Monday, October 16, 2006

 
My little brother is officially white trash. He's trying to grow a ratty little goatee, thus making him the first male in my immediate family to attempt such a feat. He reminds me of a high school sophomore with one of those bad teenage mustaches, only this once covers a bit more real estate.

Goatees, in and of themselves, border on white trash, unless you're one of only a handful of men who can pull them off. Guys with really dark hair can do it. Really hard-core guys, regardless of hair color, are entitled to grow them. And any non-white male has the right, since they don't have to worry about being white trash because they're not white.

My brother somehow avoided the red hair curse that afflicts my sister, older brother, and me, but he still doesn't have a goatee-worthy hair color. I'd call his hair dirty blonde, and his facial hair is an unnatural gold color, like the color of those Sacagawea golden dollars that no one uses. It looks like he was huffing gold spray paint from a paper cone behind the hardware store downtown and all that's left is the golden residue. He looks like he's trying to be cool, which, I guess, he is. And that's even more annoying than the stubby little yellow hairs.

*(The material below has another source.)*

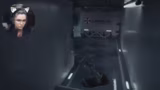RESIDENT EVIL: requiem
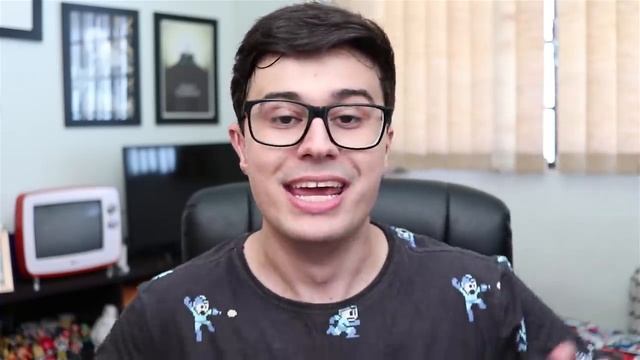 5 Jogos Do SONIC De CELULAR Que VOCÊ PRECISA JOGAR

My older brother and I both have enough social consciousness not to even attempt growing anything on our faces. We're not cruel, and forcing the rest of the world to stare at whatever reddish creations we'd happen to grow would be unethical. While I got the better end of it, with hair that can pass for brown in bad light, I still wouldn't consider it.

There are only two types of redheads who can pull off having facial hair: vikings, and pirates. In their heyday, Vikings could get away with pretty much anything, pillaging Northern Europe almost as a form of amusement. Since Gillette had yet to invent the Mach 3 razor, I'm sure shaving wasn't a big priority, so they're forgiven. And pirates...can't you just imagine a Captain Redbeard? He'd have a single-shot pistol in his belt, a puffy black hat, and a green parrot on one shoulder, along with a long red beard, braided, of course. Arrr matey! A guy like that could pull it off. Since vikings and pirates are both extinct, no redhead on the planet is entitled to grow facial hair. Sorry guys. You were cursed at birth, and this is part of it. Same goes for you blonde guys. We don't want to see it.

My mom told me not to say anything to my brother about the little rat that's been growing in our home for the past week. I'm sure he'll be too lazy to maintain it and it will disappear soon enough. But until then, since I'm already white trash by association, I might as well enjoy it. I'm heading down to the gas station in my tank-top and mullet to get some potato logs, a sixer of Natural Light, and a pack of smokes. Then I'll relax on a beat-up sofa on the front porch, blasting a cassette tape of Def Leppard and dreaming of fat chicks who are too trashy to know that big bangs and hot-pink tube tops died back in the Reagan administration.